Yesterday in church I was reminded of something that happened a while back. We were at church and during the Lord's Prayer we hold hands. At the end of the prayer I always give a little extra squeeze to the people I've been holding hands with. Sometimes I know these people. Sometimes I don't. On this particular Sunday I was holding Scott's hand on one side and an older gentleman on the other side. At the end of the prayer, the older man leaned close to me and said that it was nice to be back in church. It was nice to have a little bit of human contact again. He said thank you to me. I thanked him in return. I don't know this man. I don't know his name. I'm not sure of his story. Where had he been? Had he been ill? Was he a snowbird and had spent his winter in Florida? I don't know. I do know that he had a need for human contact. A simple touch.
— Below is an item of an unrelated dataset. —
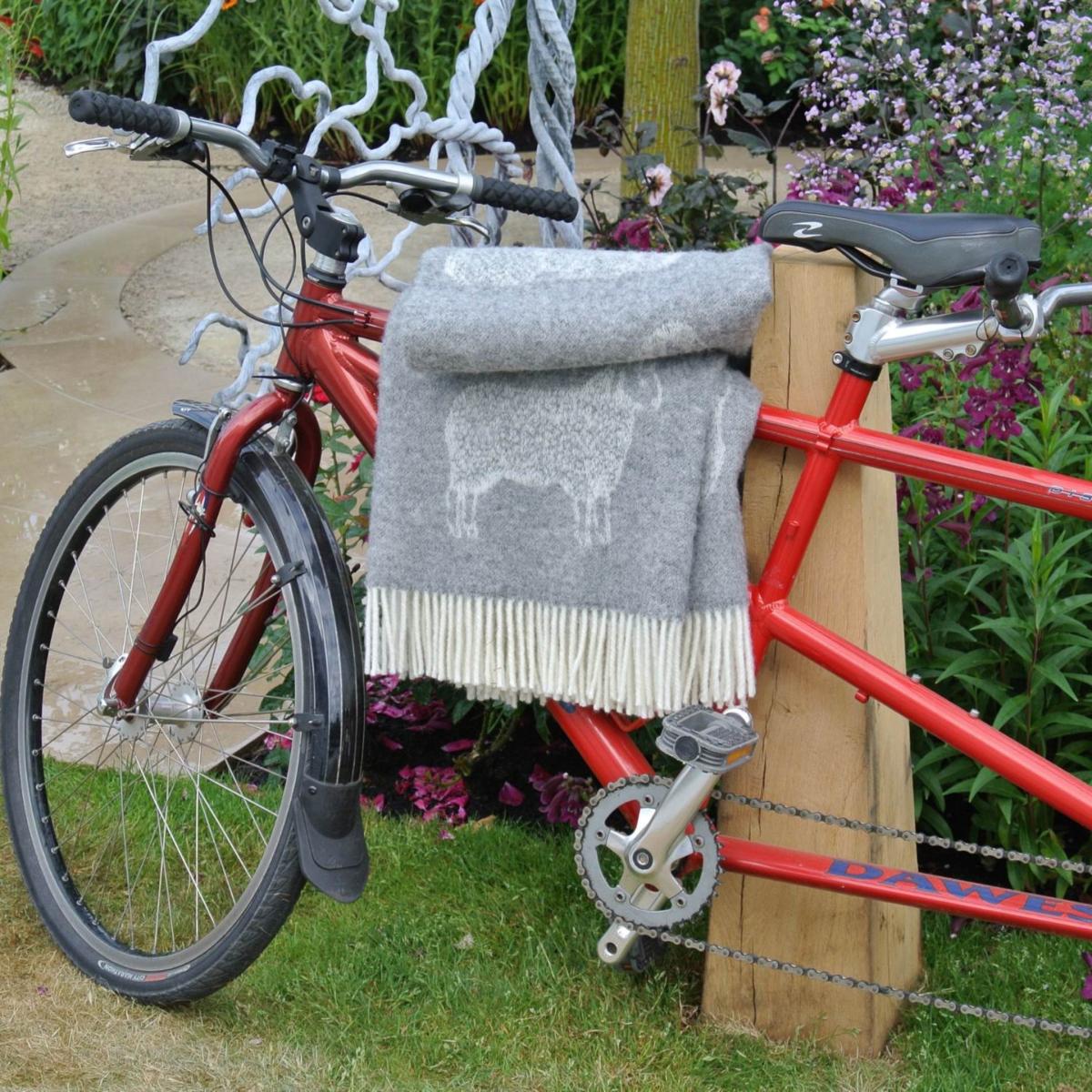 Grey / White Grey Sheep Wool Throw J. j.textile – image 9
I come from a touchy family. Lots of hugs and kisses for everyone. We joke that we have the longest goodbyes ever in my family. Some may be uncomfortable in these situations. I know folks who are not comfortable with this kind of greeting or way of saying goodbye. This is ok. But after recalling the story I told about holding hands in church, I really got to thinking about the power of the human touch. I remembered studies that my class talked about in college. There was this study done relating to how much babies were and weren't touched and held in the first year of life. This study was conducted by testing orphans raised in third world countries. The people that were operating the orphanages were overwhelmed and unable to do much more than meet the basic needs of these babies. To hold them and to cuddle was out of the question. These babies had to be bathed and clothed and fed. Everything was done quickly and efficiently to the best of their abilities. There was no extra time for loving and cooing and cuddling. When a fortunate baby was adopted, they often didn't know how to react to sweet and loving attention. The newly adopted baby had to be taught how to accept love and touch. This study broke my heart then and does to this day.
I think we underestimate the power of touch. The small touch of receiving change from a store clerk. Shaking hands with a friend. Holding hands in church. The reassuring touch of a nurse or doctor. Even if only for a few seconds. This is the stuff we live for. It's simple. It's free and it's yours to give. A simple touch from you could mean the world to someone else.